Parte das paralisações começou ainda em fevereiro, enquanto outras adesões foram registradas nos últimos dias. A mobilização nacional tem gerado impactos diretos no funcionamento das universidades.
Com a greve, diversos serviços administrativos estão comprometidos, incluindo emissão de documentos, matrículas, atendimento ao público e funcionamento de setores como bibliotecas, laboratórios e rádios universitárias.

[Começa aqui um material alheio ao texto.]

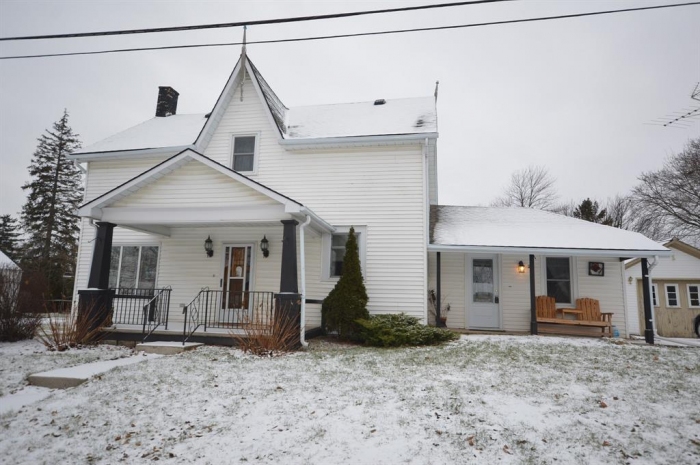 20 Mac Nab St, Forest Ontario, Canada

Na UFRJ, por exemplo, o Conselho Universitário chegou a aprovar um recesso acadêmico entre os dias 20 e 25 de abril como forma de lidar com os efeitos da paralisação.
Entre as principais demandas dos servidores está a implementação do Reconhecimento de Saberes e Competências (RSC), além do cumprimento de pontos acordados com o governo federal em 2024.
A categoria também reivindica a redução da jornada de trabalho de 40 para 30 horas semanais, sem redução salarial, e melhores condições de trabalho.
Segundo a Fasubra, atos e mobilizações têm reunido trabalhadores em diversas regiões do país, com pautas ligadas à valorização do serviço público e melhorias estruturais nas instituições de ensino.
A paralisação atinge universidades de diferentes estados, incluindo instituições do Nordeste, como a Universidade Federal de Alagoas e a Universidade Federal do Rio Grande do Norte, além de diversas federais no Sudeste e Sul do país.
Até o momento, o Ministério da Educação e o Ministério da Gestão e da Inovação em Serviços Públicos não se manifestaram oficialmente sobre o movimento.